(Items listed in a dataset)
============
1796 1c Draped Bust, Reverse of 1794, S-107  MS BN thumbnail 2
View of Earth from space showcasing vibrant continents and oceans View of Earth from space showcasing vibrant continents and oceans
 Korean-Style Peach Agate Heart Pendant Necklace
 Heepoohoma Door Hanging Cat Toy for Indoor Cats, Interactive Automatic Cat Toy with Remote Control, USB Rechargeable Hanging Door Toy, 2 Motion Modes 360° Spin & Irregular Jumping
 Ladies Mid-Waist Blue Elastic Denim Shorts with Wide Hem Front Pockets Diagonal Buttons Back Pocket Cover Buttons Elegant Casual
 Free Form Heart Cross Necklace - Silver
============
So that nothing differs from the original, transcribe all of the records above.

1796 1c Draped Bust, Reverse of 1794, S-107  MS BN thumbnail 2
View of Earth from space showcasing vibrant continents and oceans View of Earth from space showcasing vibrant continents and oceans
 Korean-Style Peach Agate Heart Pendant Necklace
 Heepoohoma Door Hanging Cat Toy for Indoor Cats, Interactive Automatic Cat Toy with Remote Control, USB Rechargeable Hanging Door Toy, 2 Motion Modes 360° Spin & Irregular Jumping
 Ladies Mid-Waist Blue Elastic Denim Shorts with Wide Hem Front Pockets Diagonal Buttons Back Pocket Cover Buttons Elegant Casual
 Free Form Heart Cross Necklace - Silver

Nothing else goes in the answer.